Decision Tree How to Use It and Its Hyperparameters

Let’s see in details how Decision Tree works with Scikit-Learn and especially how to use its hyperparameters to improve it!

Decision Tree, is a Machine Learning algorithm used to classify data based on a set of conditions.

Decision Tree example

In this article we will see how Decision Tree works.

It is a powerful model that allowed us, in our previous article to learn Machine Learning, to reach an accuracy of 60%. Thus the Decision Tree is the model that gave us the highest success rate.

After having understood what a Decision Tree is, we’ll analyze the different hyperparameters that it provides.

Will we be able to improve our Decision Tree by tweaking the hyperparameters? Let’s see that in this article!

Load data

Here, we’ll use the same data as in our article on Machine Learning.
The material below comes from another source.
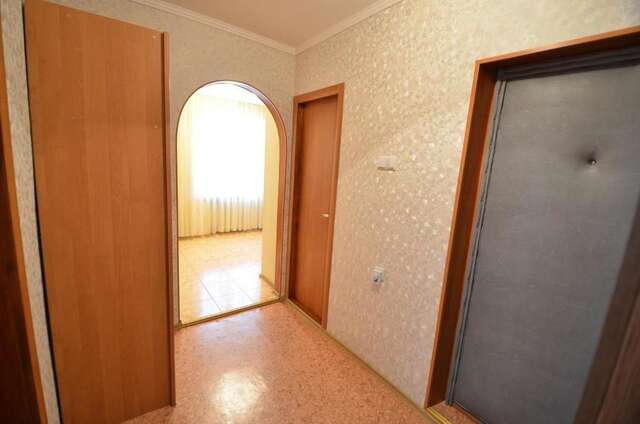 Апартаменты Apartment on Navarynska Николаев-25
If you haven’t read it yet and you have the basics of Machine Learning, you’ll still be able to understand this tutorial.
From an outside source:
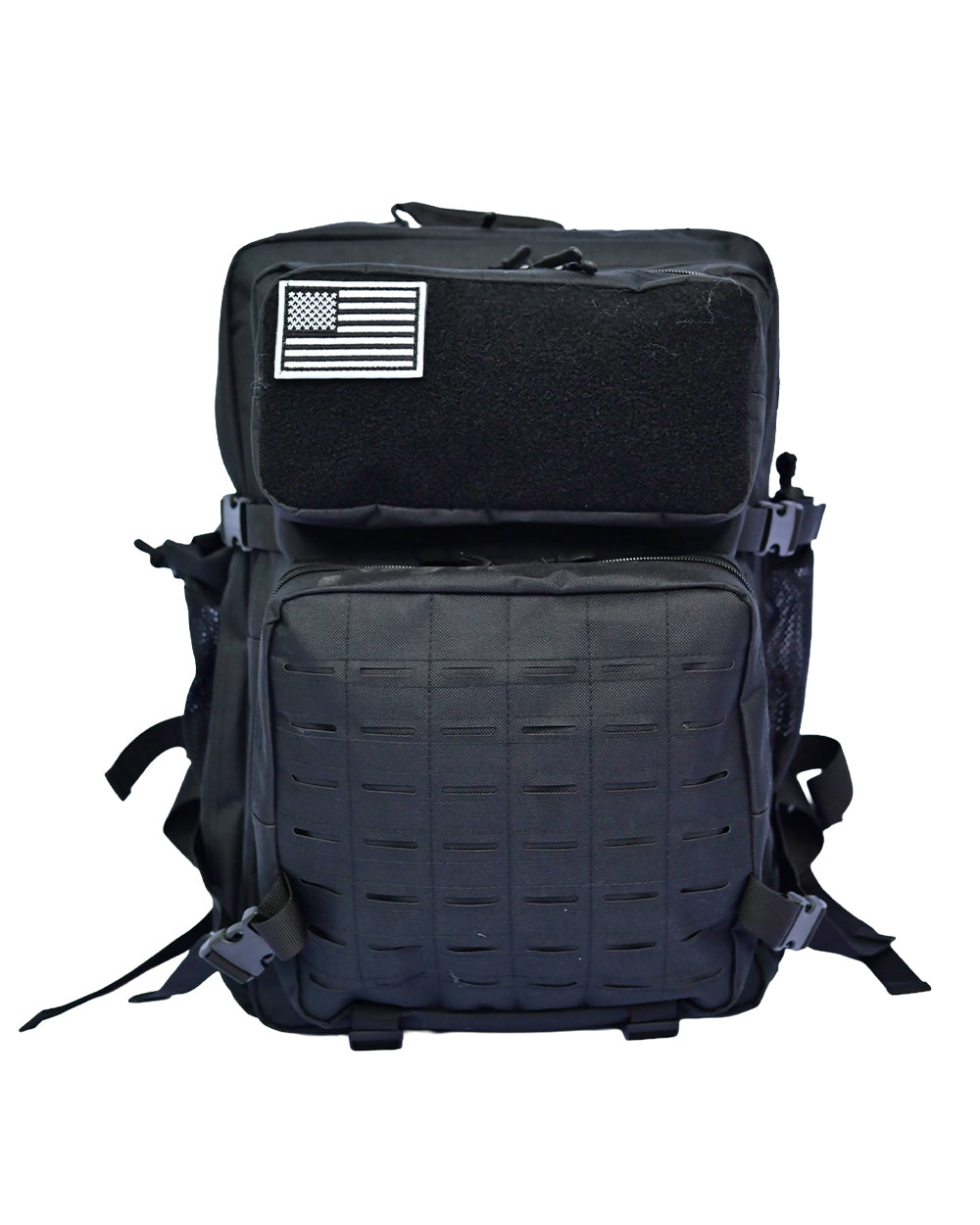 Tactical Bag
First of all, we import our datasets:

!git clone https://github.com/tkeldenich/datasets.git

The dataset we are interested in is the winequality-white.csv.

We use the Pandas library to open and display it:

import pandas as pd

df = pd.read_csv("/content/datasets/winequality-white.csv", sep=";")
df.head(3)

We have 7 features for 1 label.

The objective is to predict the quality of the wines according to the features.
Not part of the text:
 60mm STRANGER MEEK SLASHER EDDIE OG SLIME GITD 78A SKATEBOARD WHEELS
We can directly create X_train, X_test, y_train, y_test for training the model.

from sklearn.model_selection import train_test_split

features = df.drop(['quality'], axis=1)
labels = df[['quality']]
X_train, X_test, y_train, y_test = train_test_split(features, labels, test_size=0.2)

Now that the dataset is loaded, let’s move on to what really interests us: the Decision Tree.

Understand Decision Tree

In theory

Decision Tree is used in classification tasks.

In our case, we use it to classify wines among 7 quality levels: [3, 4, 5, 6, 7, 8, 9]

The Decision Tree algorithm analyzes our data. It relies on the features (fixed acidity, volatile acidity, citric acid, residual sugar, chlorides, free sulfur dioxide, total sulfur dioxide, density, pH, sulphates, alcohol, quality) to predict to which class each wine belongs.

It starts with the feature that its algorithm finds most relevant, and creates two subgroups.

For example, if it analyzes that the wines of quality 3 have alcohol lower than 7%, it can create two subgroups: the group of wines lower than 7% (and of quality 3) and the groups of wines higher than 7% (and of quality 4, 5, 6, 7, 8, 9).

Thus, the alcohol level below 7% is a decision rule to discriminate and classify our data.

The Decision Tree continues this process obtaining groups that correspond as well as possible to each of our classes and thereby classify the whole dataset.

However, in practice, a rule does not necessarily allow a perfect discrimination of our data.

Indeed, it is possible that in the wines with alcohol lower than 7%, there are not only wines of quality 3, but also others of quality 4, 5.

It’ll then be necessary to continue the creation of discrimination rules on this group of data.

This is how a Decision Tree can quickly end up with a large number of rules. Especially if our features are complex and poorly correlated with our labels, as shown by our analysis of the correlation rate between our features and our labels.

In practice

The Decision Tree is composed of nodes, branches and leaves.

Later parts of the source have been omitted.